Admittedly the unyielding ride means you can never forget what type of car you're in, but while the tuned suspension is very firm, it's brilliant at taking the edge off sharp bumps. There are no sudden jolts and the super-stiff frame not only ensures taught handling, but keeps road noise at bay. The Honda's 72bD meter reading at 70mph was the same as in both the Megane and Focus. And then there's the handling - it's sublime. The steering is perfectly weighted and although its not the last word in feedback, the chassis is incredibly communicative. The honed controls all work in harmony and no rival holds a line in corners as tenaciously or has such fabulous traction. So no matter what you're journey, the Civic is addicitive.

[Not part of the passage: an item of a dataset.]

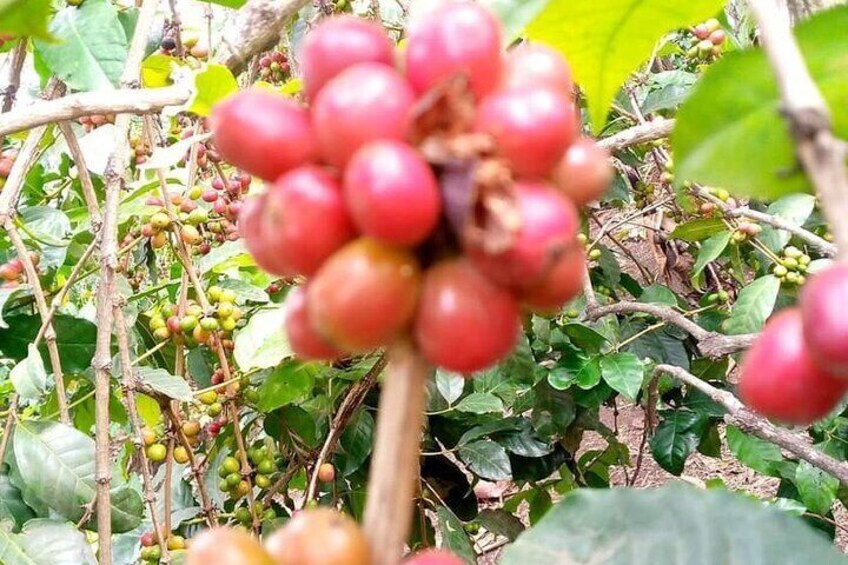 Discover Roasted Coffee Beans in Moshi Kilimanjaro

Lowered by 15mm and with a 20mm wider rear track than the five-door, the Civic is dynamite on the road. Taut, positive and well balanced without being uncomfortable, its involving as well as easy to live with.

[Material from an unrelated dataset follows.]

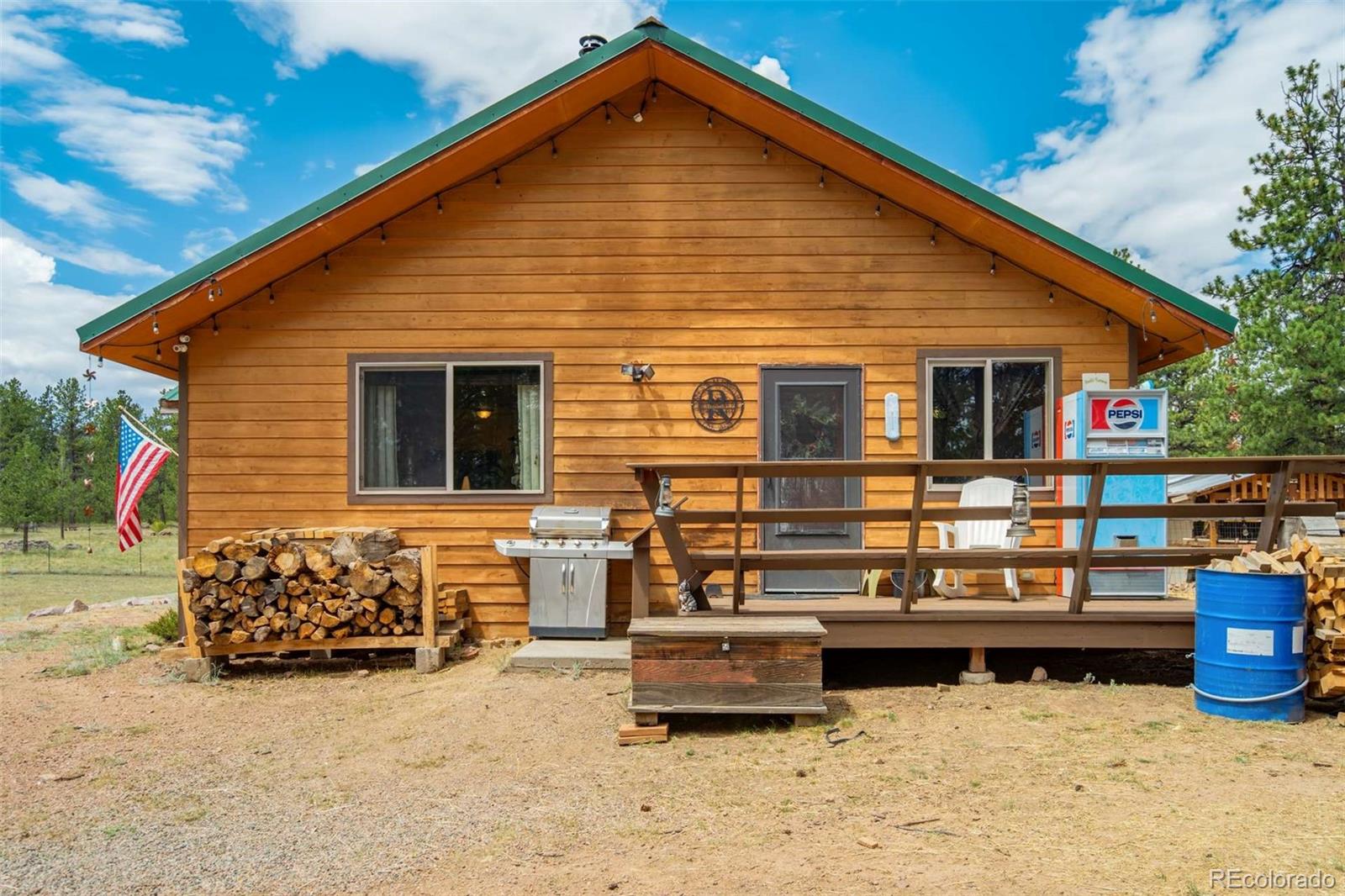 MLS Image #3 for 141  cabin lane,guffey, Colorado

A radical move away from convention, the Type-R's cockpit urges you to get in and drive. The seating position is superb but we wish the multi-function steering wheel's rim had a better shape and higher quality leather trim.
Hona has kept to it's word - the 2.0-litre retains it's high rev purity and crisp responses, but a meatier mid-range means it no longer has to be pushed to get meaningful acceleration. It's also docile and friendly at low speeds.
What's less appealing is the 11.8 metre turning circle, which makes getting in and out of tight spots tricky. Still, the direct steering only has little over two turns between locks.
The type-R's impressive performance hasn't come at the expense of practicality. We have already praised the standard Civics versatile seat mechanism, and the brilliant flip up, fold flat setup is just as flexible in the flagship model.
Mini cooper S (1.6L 175bhp: 0-60 6.7secs)
Renault-sport Megane R230 (2.0L turbo 230bhp: 0-60 6.5 secs)
Ford Focus ST2 (2.5L turbo 222bhp: 0-60 7.0secs)
Honda has fulfilled its promises. The Civic Type-R is more easy going than it's predecessor, yet retains its sizzling driving experience. In fact the newcomer is better to drive not only than the outgoing machine, but also than every other car here. It wins this test by some distance. The genius of the Honda is that everything on it has been honed until it worked in perfect harmony. No single aspect of the hatch, from the engine to the suspension, dominates the others. Plus the pricing is competitive. Our runner up is the Mini Cooper S. It's zest for life is backed up by a superb turbo engine and truly talented chassis. sneaking into third spot is the Focus ST which, despite a laid back approach, remains highly rewarding. That leaves the revitalised Megane R230 in fourth. It's good in isolation, but couldn't match what we predict may well be the best car of its generation.
1) Honda Civic Type-R GT
The Type-R is a big hot hatch that drives like a small one. It matches the clios energy (197), yet is desireable, easy to live with and has a sublime engine.
2) Mini Cooper S
Hardcore fans shouldn't dismiss the Mini as a town car. It's a superb entertainer and a great investment, even if standard kit is miserly.
3) Ford Focus st-2
The big-hearted ST goes hard, sounds brilliant and loves to corner. It's more relaxing than the Civic, but doesn't have the Type-R's all round talents.
4) Renault Megane R230
It's the newest Renault hot hatch, but not the best. While the R230 is involving and grippy, it's simply not as precise and it's rivals here.